Excerpted data:
============
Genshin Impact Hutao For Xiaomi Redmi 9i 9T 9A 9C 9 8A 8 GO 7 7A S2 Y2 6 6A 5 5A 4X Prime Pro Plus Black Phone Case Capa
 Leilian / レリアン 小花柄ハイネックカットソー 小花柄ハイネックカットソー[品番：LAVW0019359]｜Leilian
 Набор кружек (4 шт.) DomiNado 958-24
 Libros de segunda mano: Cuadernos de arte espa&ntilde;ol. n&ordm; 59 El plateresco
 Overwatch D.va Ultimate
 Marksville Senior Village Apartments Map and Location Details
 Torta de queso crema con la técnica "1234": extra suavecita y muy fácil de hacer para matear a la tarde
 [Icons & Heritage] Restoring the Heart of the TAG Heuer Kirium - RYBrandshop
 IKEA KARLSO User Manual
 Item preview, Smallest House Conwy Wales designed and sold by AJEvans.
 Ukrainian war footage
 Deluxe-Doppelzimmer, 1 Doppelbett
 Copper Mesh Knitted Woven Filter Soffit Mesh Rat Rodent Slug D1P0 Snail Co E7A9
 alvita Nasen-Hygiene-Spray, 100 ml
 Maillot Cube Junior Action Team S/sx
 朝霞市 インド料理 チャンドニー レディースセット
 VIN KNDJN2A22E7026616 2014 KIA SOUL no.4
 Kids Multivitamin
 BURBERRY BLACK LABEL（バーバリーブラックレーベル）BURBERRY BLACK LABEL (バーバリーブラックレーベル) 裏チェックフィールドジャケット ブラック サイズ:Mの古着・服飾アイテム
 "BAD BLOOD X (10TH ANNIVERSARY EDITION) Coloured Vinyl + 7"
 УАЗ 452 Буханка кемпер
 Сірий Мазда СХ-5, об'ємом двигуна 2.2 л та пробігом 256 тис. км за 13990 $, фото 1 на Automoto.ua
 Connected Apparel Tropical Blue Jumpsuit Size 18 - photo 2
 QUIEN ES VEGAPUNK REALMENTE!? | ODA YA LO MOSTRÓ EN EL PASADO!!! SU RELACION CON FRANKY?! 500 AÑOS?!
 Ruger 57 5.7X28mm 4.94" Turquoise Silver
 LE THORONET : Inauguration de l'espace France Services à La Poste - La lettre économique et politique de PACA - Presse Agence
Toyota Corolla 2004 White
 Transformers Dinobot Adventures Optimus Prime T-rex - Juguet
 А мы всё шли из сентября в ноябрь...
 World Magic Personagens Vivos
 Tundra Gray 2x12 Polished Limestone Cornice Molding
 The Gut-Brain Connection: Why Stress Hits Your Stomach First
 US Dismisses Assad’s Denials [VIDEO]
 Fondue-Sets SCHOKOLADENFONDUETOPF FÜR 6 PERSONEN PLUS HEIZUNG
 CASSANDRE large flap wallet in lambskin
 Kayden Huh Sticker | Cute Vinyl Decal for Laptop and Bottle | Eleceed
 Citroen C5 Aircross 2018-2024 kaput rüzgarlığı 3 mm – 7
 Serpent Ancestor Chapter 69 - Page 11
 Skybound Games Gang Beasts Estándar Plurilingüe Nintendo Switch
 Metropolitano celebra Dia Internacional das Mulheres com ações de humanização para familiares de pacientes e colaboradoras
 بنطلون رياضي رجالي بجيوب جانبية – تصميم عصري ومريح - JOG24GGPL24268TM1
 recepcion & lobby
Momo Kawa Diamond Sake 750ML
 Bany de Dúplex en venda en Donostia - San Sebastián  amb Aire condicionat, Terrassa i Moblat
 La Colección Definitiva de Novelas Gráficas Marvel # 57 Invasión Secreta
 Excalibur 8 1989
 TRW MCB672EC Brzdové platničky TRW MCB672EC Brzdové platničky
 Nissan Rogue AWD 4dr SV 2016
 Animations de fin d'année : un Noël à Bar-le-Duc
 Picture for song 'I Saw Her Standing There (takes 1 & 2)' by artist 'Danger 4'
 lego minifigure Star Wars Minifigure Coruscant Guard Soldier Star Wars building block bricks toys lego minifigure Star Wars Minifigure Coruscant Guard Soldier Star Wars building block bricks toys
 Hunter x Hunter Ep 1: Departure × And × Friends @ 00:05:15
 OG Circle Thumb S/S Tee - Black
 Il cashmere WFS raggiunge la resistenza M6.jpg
============
Task goal:
In the listing above, transcribe exactly everything from the line containing "Metropolitano celebra Dia" down to the line containing "Bany de Dúplex", including both and nothing more.

Completed exercise:
 Metropolitano celebra Dia Internacional das Mulheres com ações de humanização para familiares de pacientes e colaboradoras
 بنطلون رياضي رجالي بجيوب جانبية – تصميم عصري ومريح - JOG24GGPL24268TM1
 recepcion & lobby
Momo Kawa Diamond Sake 750ML
 Bany de Dúplex en venda en Donostia - San Sebastián  amb Aire condicionat, Terrassa i Moblat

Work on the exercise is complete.